The only encountered performance penalty is during cluster topology changes. At that point the cluster needs to perform some additional computation (no RPC involved) to fail-over the acquired locks from previous to new owners. Another noticeable aspect is that locks are now being released asynchronously, after the transaction commits. This doesn’t add any burden to the transaction duration, but it means that locks are being held slightly longer. That’s not something to be concerned about if you’re not using transactions that compete for same locks though.
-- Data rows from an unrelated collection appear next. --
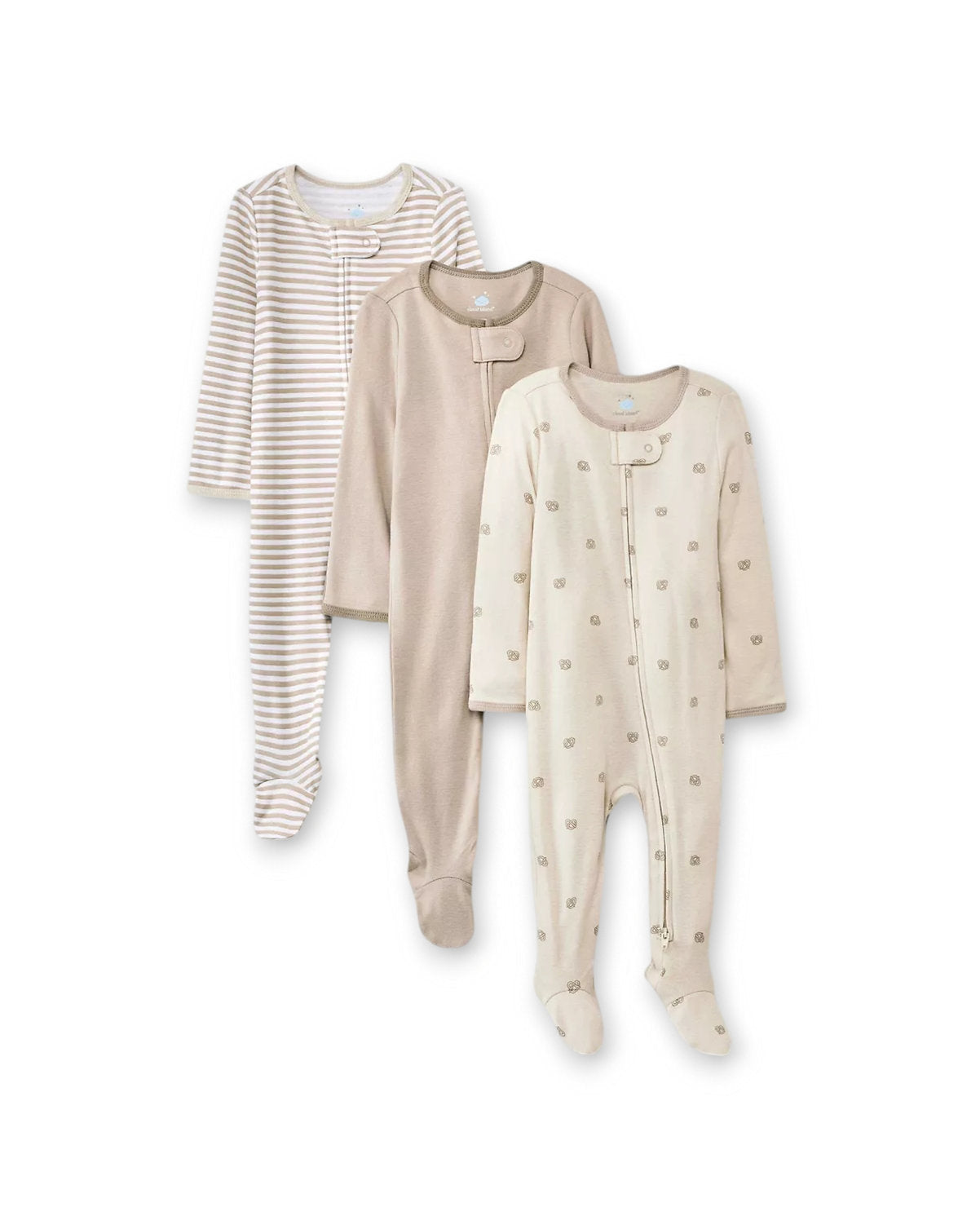 Cloud Island set 3 pijamas pie cerrado doble zipper pretzel unisex - Talla 0a3 meses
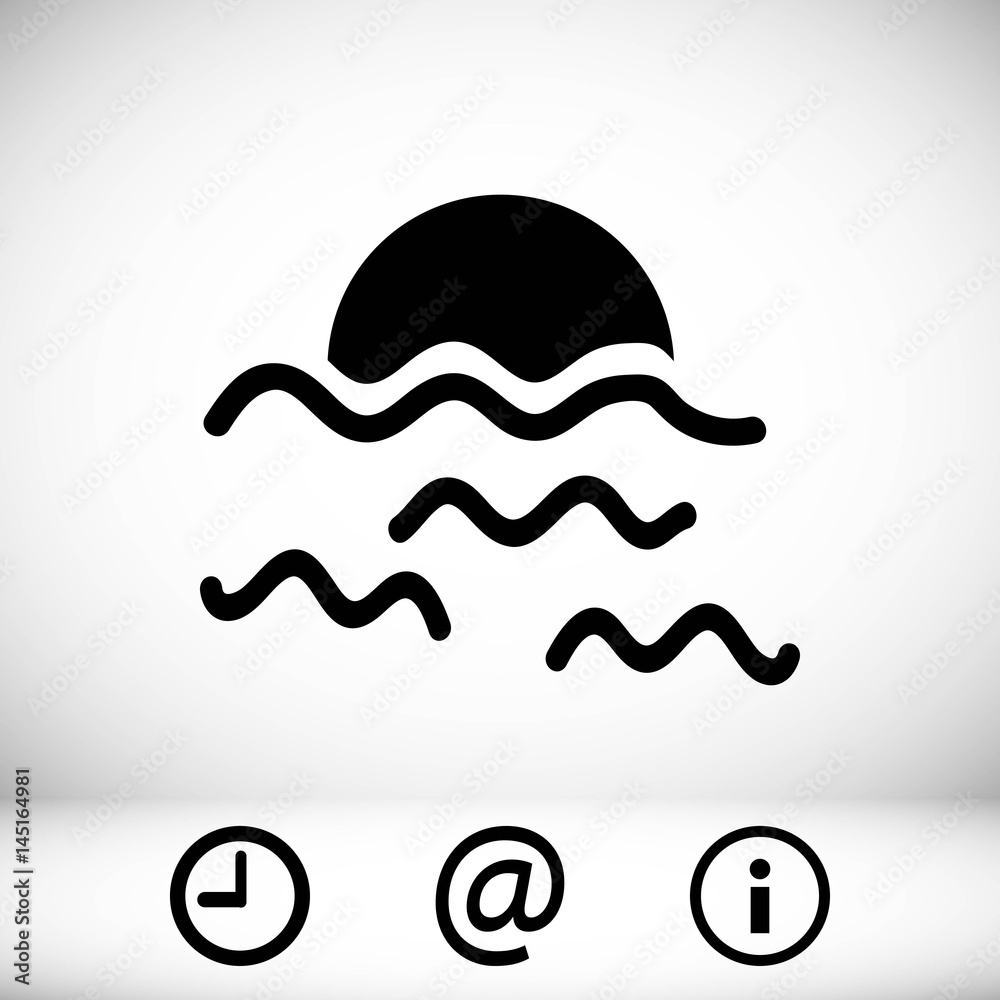 sunset waves icon stock vector illustration flat design sunset waves icon stock vector illustration flat design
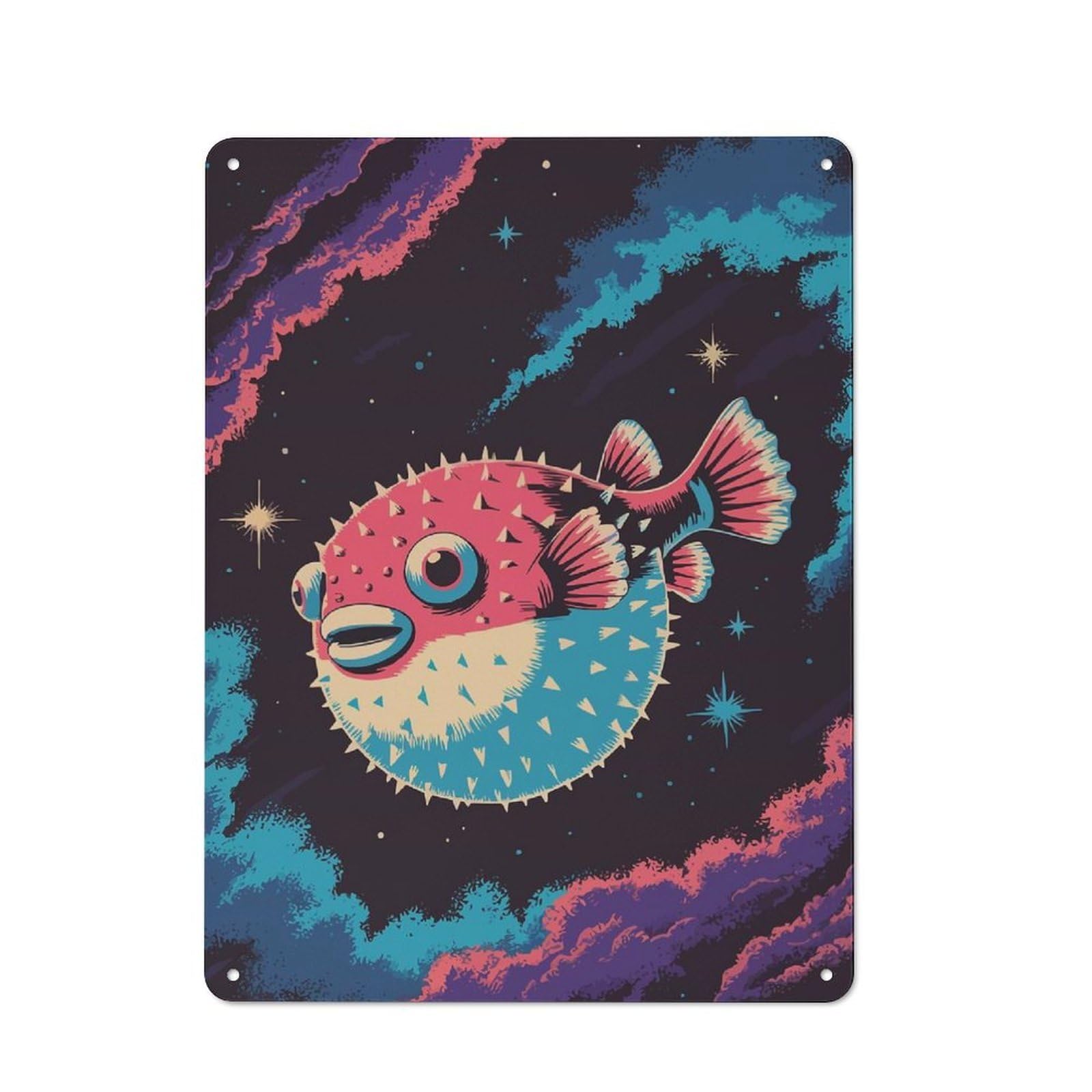 Junmoney Pufferfish In Space Office Metal Sign With Design 40X30cm, Classic Studio Wall Plaque For Home Office, Reading Corner Or Bedroom
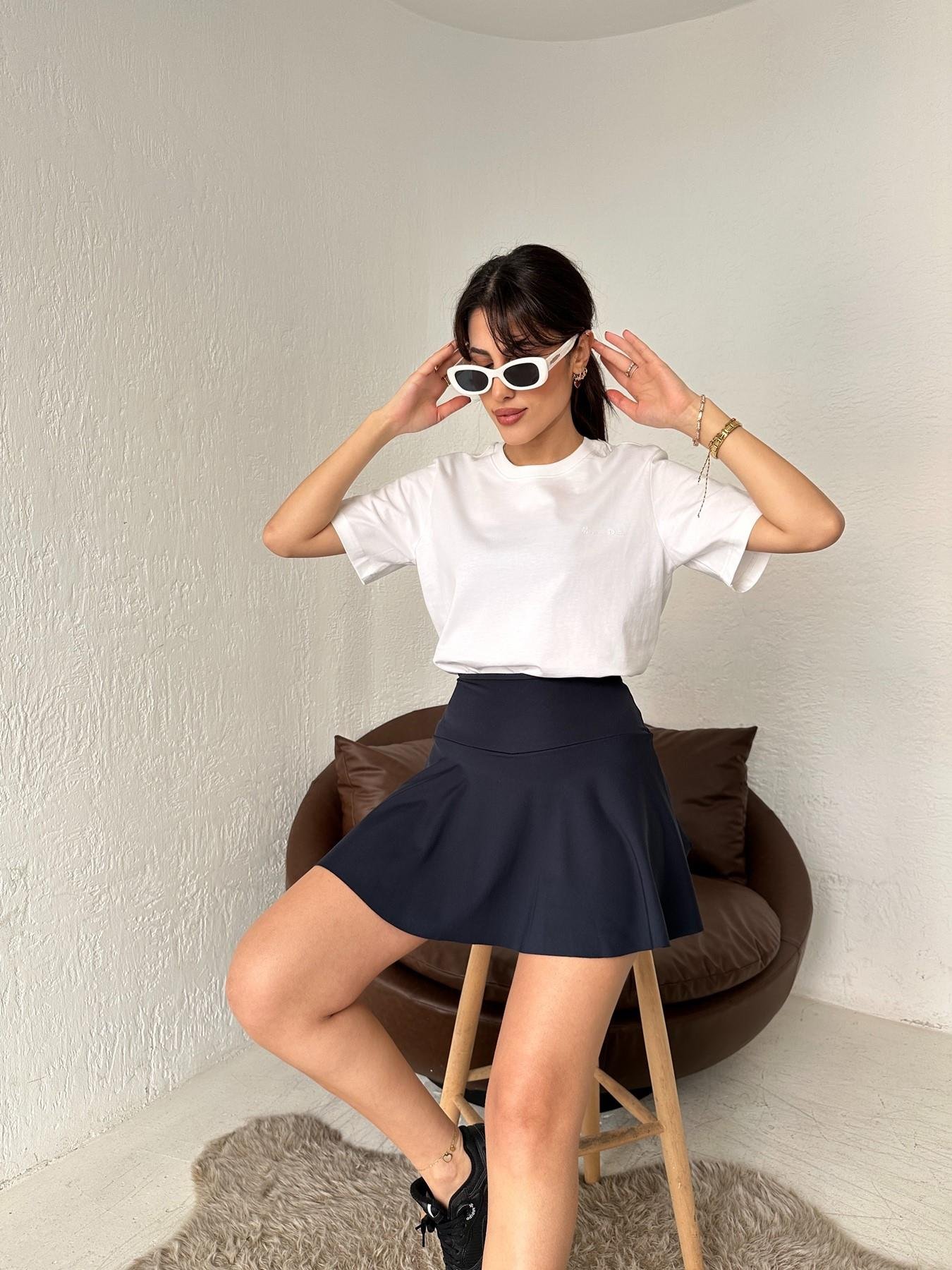 Kabartmalı Yazılı Tişört Ekru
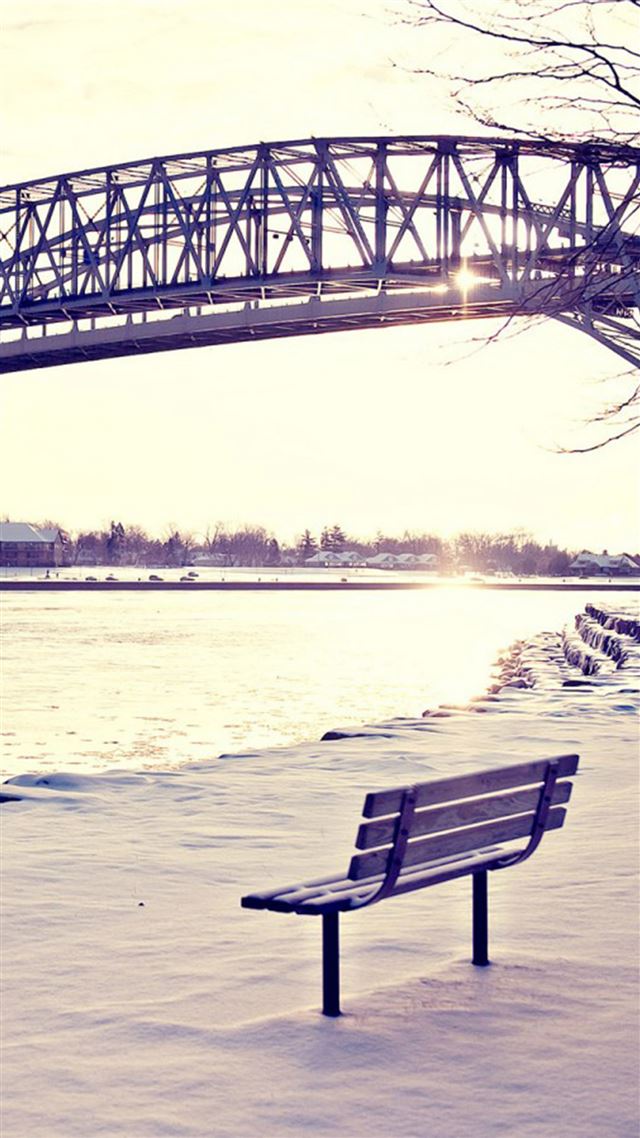 1080x1920 Lonely Bench Under Sunset River Bank Bridge - bridge iPhone 8 Wallpaper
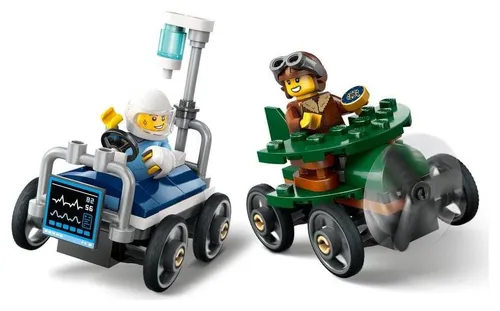 LEGO City Great Vehicles 60459 Zestaw wyścigówek: samolot kontra łóżko szpitalne
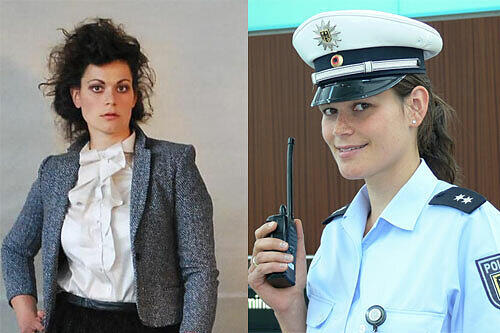 Links das Foto aus der "Brigitte", rechts Bundespolizistin Nadine Neumann in Uniform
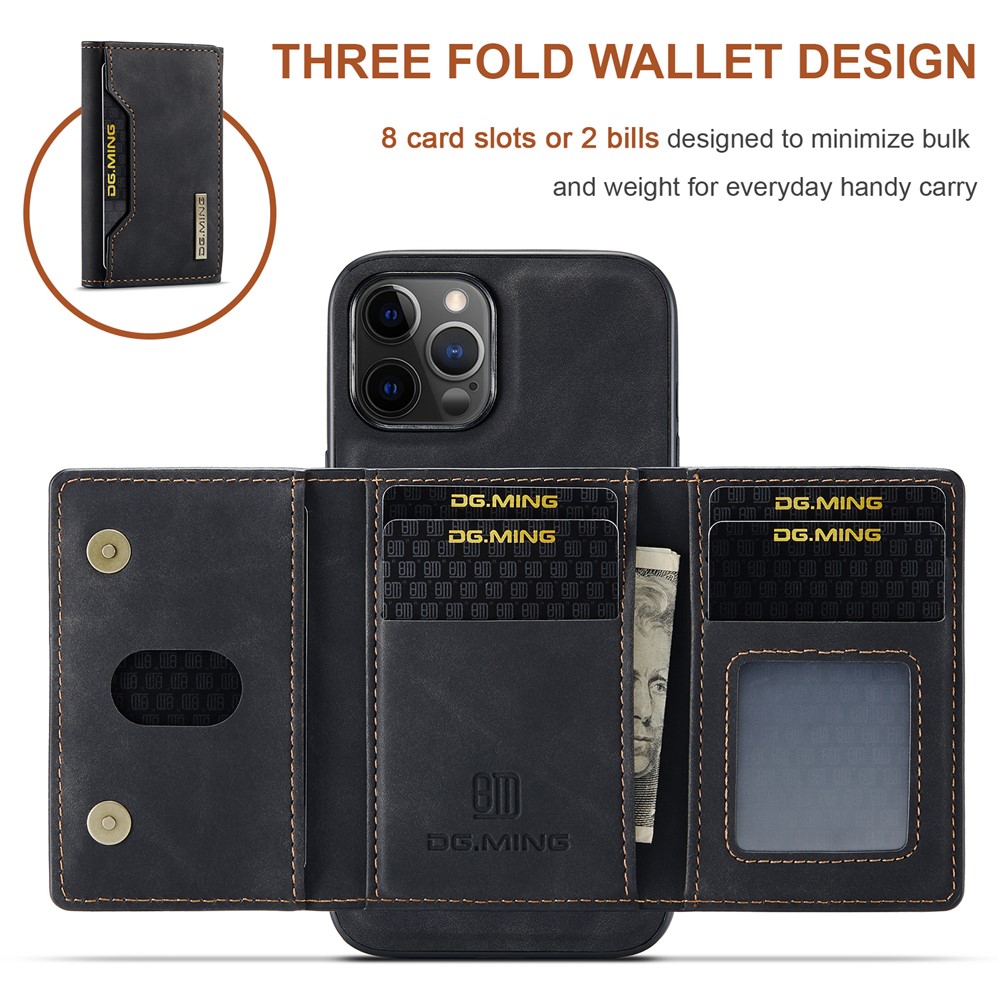 DG.MING M2 Series Kickstand Design Magnetic Tri-fold Wallet Leather Phone Case Shell for iPhone 12 Pro Max 6.7 inch - Black-7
We plan to benchmark this feature using Radargun benchmark tool - we’ll report back!

Want to know more?

You can read the single lock owner design wiki or/and follow the JIRA JIRA discussions.

Posted by Mircea Markus on 2011-11-09
Tags: radargun transactions locking deadlock detection

Wednesday, 10 August 2011

Transactions enhancements in 5.0

Besides other cool features such as Map reduce and distributed executors, Infinispan 5.0.0 "Pagoa" brings some significant improvements around transactional functionality:

  • transaction recovery is now supported, with a set of tools that allow state reconciliation in case the transaction fails during 2nd phase of 2PC. This is especially useful in the case of transactions spreading over Infinispan and another resource manager, e.g. a database (distributed transactions). You can find out more on how to enable and use transaction recovery here.

  • Synchronization enlistment is another important feature in this release. This allows Infinispan to enlist in a transaction as an Synchronization rather than an XAResource.This enlistment allows the TransactionManager to optimize 2PC with a 1PC where only one other resource is enlisted with that transaction (last resource commit optimization). This is particularly important when using Infinispan as a 2nd level cache in Hibernate. You can read more about this feature here.

  • besides that several bugs were fixed particularly when it comes to the integration with a transaction manager - BIG thanks to the community for reporting and testing them!

To summarise, Infinispan can participate in a transaction in 3 ways:

  1. as a fully fledged XAResource that supports recovery

  2. as an XAResource, but without recovery. This is the default configuration

  3. and as an Synchronization

In order to analyze the performance of running Infinispan in different transactional modes I’ve enhanced and used Radargun. The diagram below shows a performance comparison between running Infinispan in all the 3 modes described. The forth plot in the chart shows the performance of running Infinispan without transactions - this gives an idea about the cost of using transactions vs. raw operations.


The benchmark was run on this Radargun configuration, using Infinispan 5.0.0.CR5 configured as shown here. As a TransactionManager JBossTS 4.15.0.FINAL was used, configured with a VolatileStore as shown here. Each node was an 4-core Intel® Xeon® CPU E5640 @ 2.67GHz, with 4GB RAM.

Each transaction spread over only one put operation. The chart shows the following:

  • a non-transactional put is about 40% faster than a transactional one

  • Synchronization-enlisted transactions outperform an XAResource enlisted one by about 20%

  • A recoverable cache has about the same performance as a non-recoverable cache when it comes to transactions.

And that’s not all! During Infinispan 5.0.0 development we’ve been thinking a lot about how we can improve transactional throughput, especially in scenarios in which multiple transactions are writing on the same key. As a result we’ve come up with some improvement suggestions summarised here: please feel free to take a look and comment!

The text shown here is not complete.